CONGREGAÇÃO PARA A DOUTRINA DA FÉ
NOTA
SOBRE A EXPRESSÃO
«IGREJAS IRMÃS»
1. A expressão Igrejas irmãs aparece frequentemente no diálogo ecumênico, sobretudo entre católicos e ortodoxos, e constitui para ambas as partes do diálogo objeto de aprofundamento. Embora exista um uso da expressão sem dúvida legítimo, foi-se difundindo, por outro lado, na hodierna literatura ecumênica, um modo ambíguo de a utilizar. Tendo em conta a doutrina do Concílio Vaticano II e as sucessivas intervenções do Magistério pontifício, achou-se oportuno recordar qual o uso próprio e adequado da expressão, fazendo-o preceder de um breve aceno à história da mesma.
I. Origem e evolução da expressão
2. No Novo Testamento, não se encontra a expressão Igrejas irmãs como tal. Encontram-se, todavia, numerosas indicações que exprimem as relações de fraternidade existentes entre as Igrejas locais da antiguidade. A passagem do Novo Testamento que de forma mais explícita reflete uma tal consciência é a frase final de 2 Jo 13: «Saúdam-te os filhos da tua irmã dilecta». São saudações que uma comunidade eclesial envia a outra. A comunidade que as envia chama-se a si mesma irmã da outra.
3. Na literatura eclesiástica, a expressão começa a ser empregada no Oriente, a partir do século V, quando se vai difundindo a idéia da Pentarquia, segundo a qual, à cabeça da Igreja se encontram os cincos Patriarcas, com a Igreja de Roma a ocupar o primeiro lugar entre as Igrejas irmãs patriarcais. A propósito, note-se que nenhum Pontífice Romano reconheceu semelhante equiparação das sedes e jamais aceitou que à sede romana fosse reconhecido apenas um primado de honra. Tenha-se igualmente presente que no Ocidente não se desenvolveu a estrutura patriarcal, típica do Oriente.

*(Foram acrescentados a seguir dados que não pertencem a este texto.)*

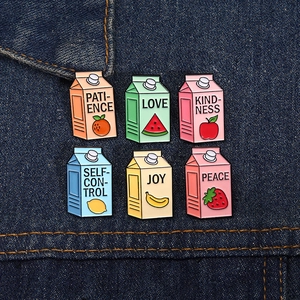 Dettaglio di sei spille smaltate a forma di cartoni di latte alla frutta su jeans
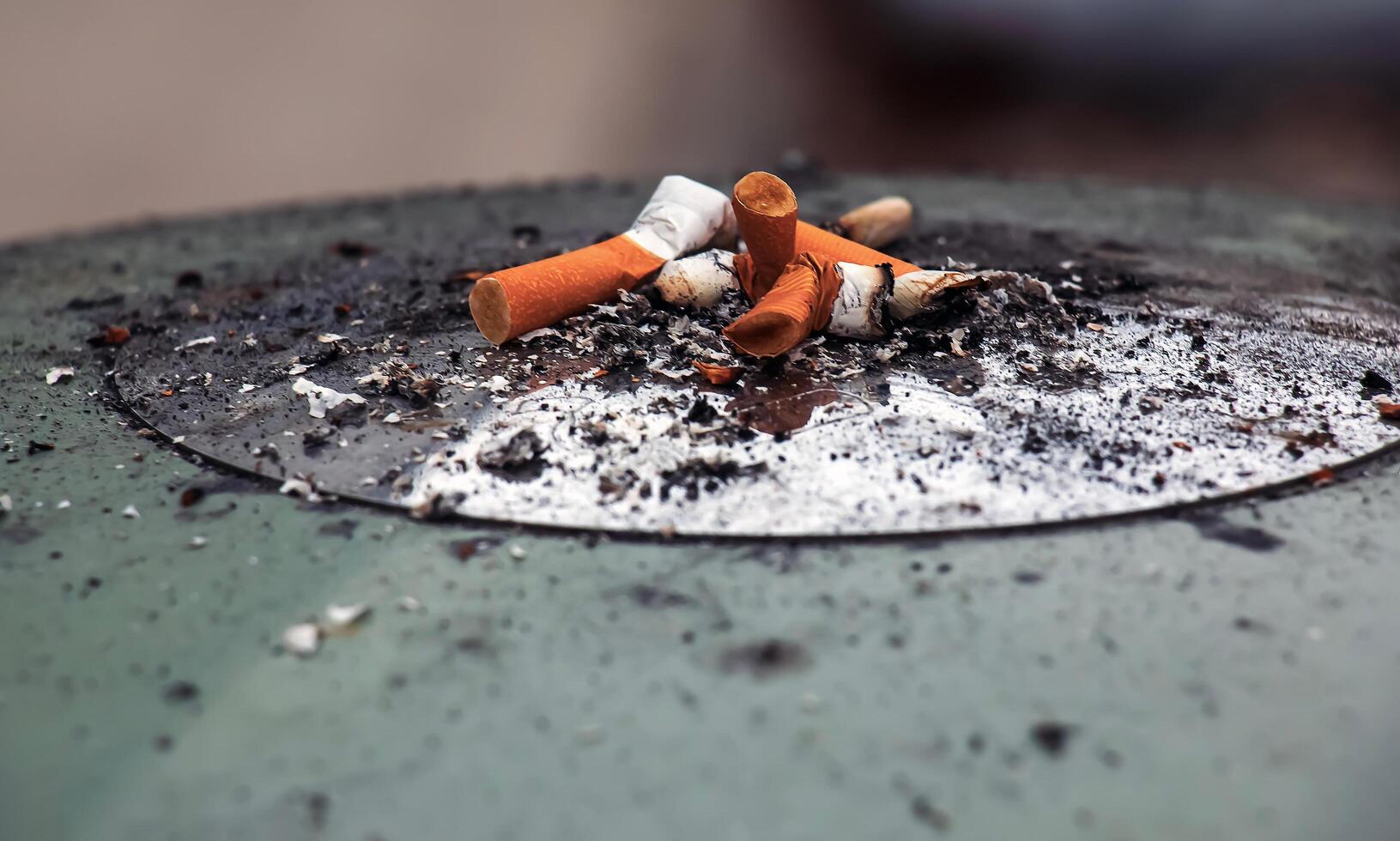 cenicero con cigarrillo campo de tiro al blanco y despojos mortales. anti-tabaco concepto. foto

Como é sabido, nos séculos sucessivos as divergências entre Roma e Constantinopla levaram a mútuas excomunhões, com «conseqüências, que, por quanto é possível julgá-las, ultrapassaram as intenções e as previsões dos seus autores, que aplicavam as censuras às pessoas visadas e não às Igrejas, não entendendo romper a comunhão eclesiástica entre as sedes de Roma e de Constantinopla».[1]
4. A expressão aparece novamente em duas cartas dos Patriarcas Nicetas de Nicomédia (ano 1136) e João X Camateros (no cargo, de 1198 a 1206), onde estes protestavam contra Roma, que, apresentando-se como mãe e mestra, teria anulado a autoridade dos mesmos. Segundo eles, Roma é apenas a primeira entre irmãs de igual dignidade.
5. Nos tempos recentes, o primeiro a utilizar a expressão Igrejas irmãs foi o Patriarca Ortodoxo de Constantinopla Atenágoras I. Acolhendo os gestos fraternos e o apelo à unidade que lhe dirigia João XXIII, exprime ele várias vezes nas suas cartas o desejo de ver rapidamente restabelecida a unidade entre as Igrejas irmãs.
6. O Concílio Vaticano II emprega a expressão Igrejas irmãs para qualificar as relações fraternas das Igrejas particulares entre si: «No Oriente existem muitas Igrejas particulares ou locais, entre as quais têm o primeiro lugar as Igrejas patriarcais, e muitas destas se gloriam de ter sido estabelecidas pelos próprios Apóstolos. Por isso, entre os orientais sempre foi grande, e continua a sê-lo, o cuidado e a preocupação de conservar, na comunhão da fé e da caridade, aquelas fraternas relações, que, como entre irmãos, devem existir entre as Igrejas locais».[2]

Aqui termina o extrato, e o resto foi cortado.